I have a QP problem in my reinforcement learning system, which calculates the safe action with the minimium distance between original action. This is the background.
Here is part of my code :
P = np.matrix([[1.,0.,0.,0.],[0.,1.,0.,0.],[0.,0.,1.,0.],[0.,0.,0.,1.]])
q = np.array(-u0).flatten() #
G = gx
h = np.array(c - fx).flatten()
lower_bound = np.array([0., -140., -200 * self.Pgs_M, 0.])
upper_bound = np.array([143., 140., 200 * self.Pgs_M, 0.])
safe_action = solve_qp(P,q,G,h,lb=lower_bound, ub=upper_bound)
The u0 is a matrix with the shape of [4,1], and my formulation is correct, G and h can be calculated through u0, self.Pgs_M is a constant number. Meanswhile, I considered the condition that solve_qp returns None.
When my reinforcement learning training working, it might get stuck. I print the control input and initial state before my programm get stuck. It shows that:
===============debug================
u0 = [[ 38.28203142]
[-140. ]
[-144.34985435]
[ 0. ]]
ini_spd = [[ 0. ]
[ 0. ]
[-203.67992371]
[ 203.67992371]
[ 0. ]
[ -0. ]]
So I use these input to check my QP problem solving programm, it actually worked, and returned None, because this problem cannot be solved.

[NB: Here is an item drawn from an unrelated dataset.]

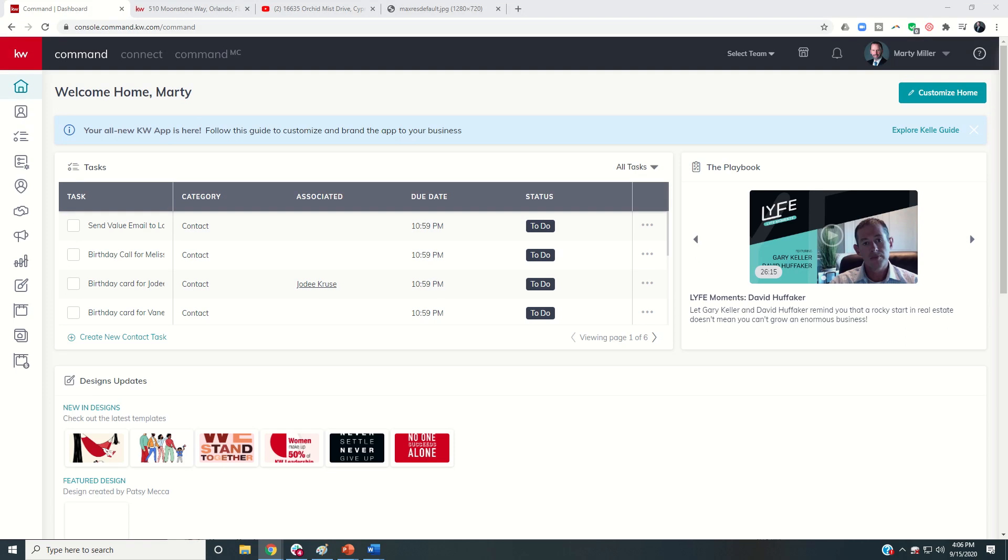Good afternoon, Keller Williams, and welcome back to the KW Command 66 Day Challenge 4.0. Today is day 58. Today we're going to talk about another release that has come with Megacamp, and that is in our Designs Editor, the ability to create new email templates.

===============debug================
u0 = [[ 38.28203142]
[-140. ]
[-144.34985435]
[ 0. ]]
ini_spd = [[ 0.00000000e+00]
[ 0.00000000e+00]
[-2.03679924e+10]
[ 2.03679924e+10]
[ 0.00000000e+00]
[-0.00000000e+00]]
safe_aciton = None
I was wondering why my programm might get stuck, even if I have already considered the None return. What factor will influence the qpslovers and python programm.